#### Task brief:
Please give back each line of the material unchanged, but without the images.

#### Information shown:
########
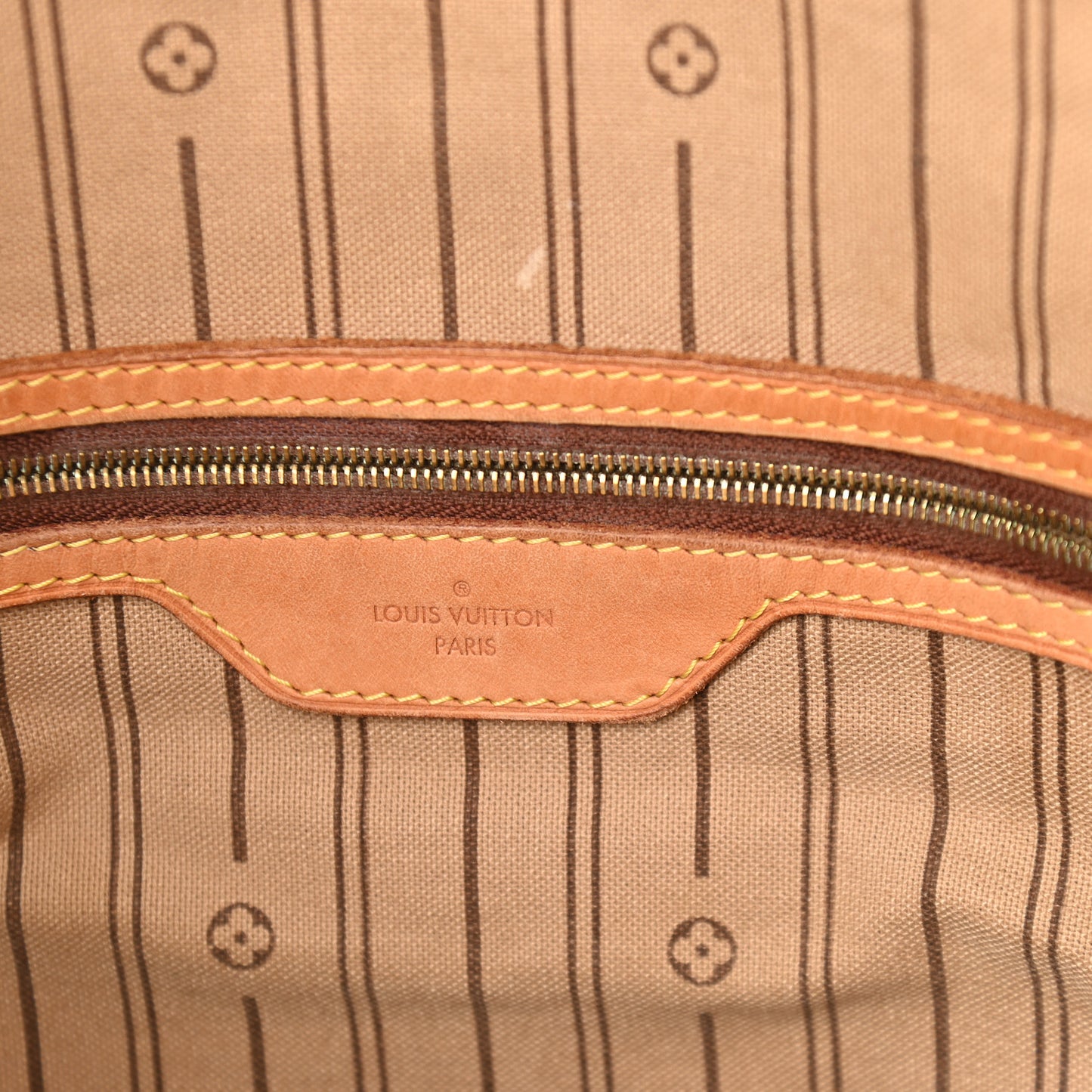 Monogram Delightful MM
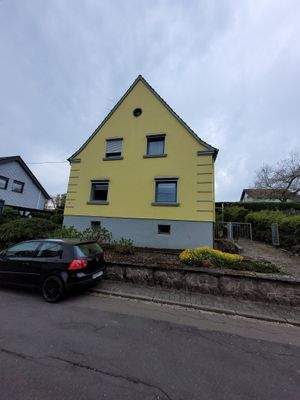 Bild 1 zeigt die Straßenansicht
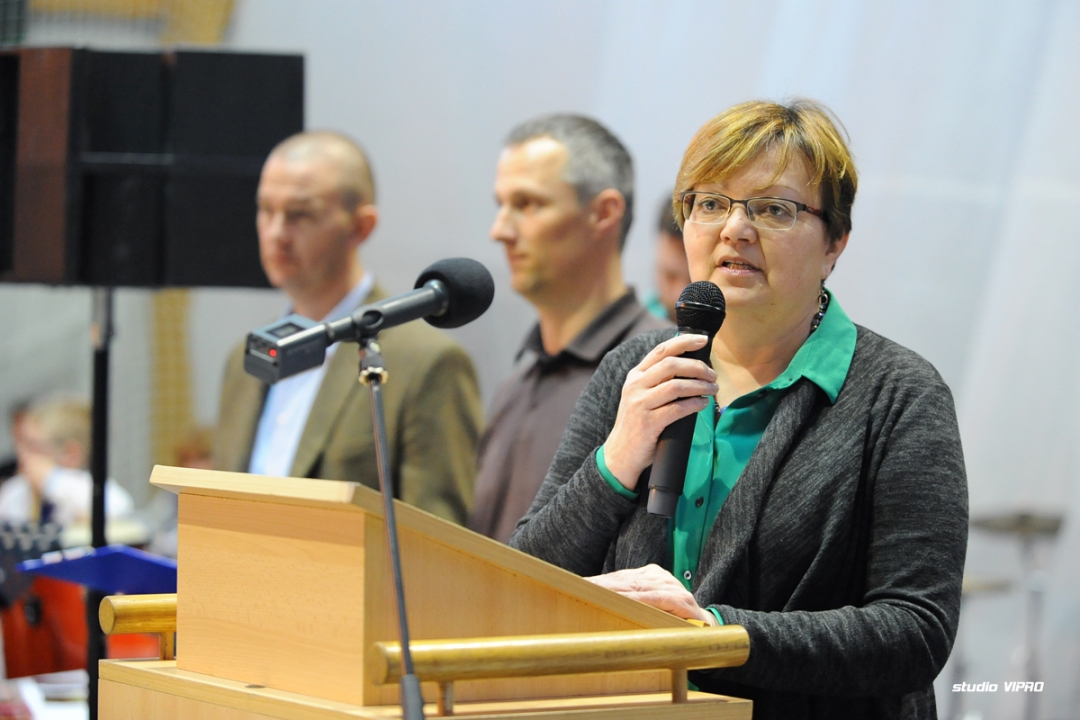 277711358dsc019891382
########
#### Problem solution:
 Monogram Delightful MM
 Bild 1 zeigt die Straßenansicht
 277711358dsc019891382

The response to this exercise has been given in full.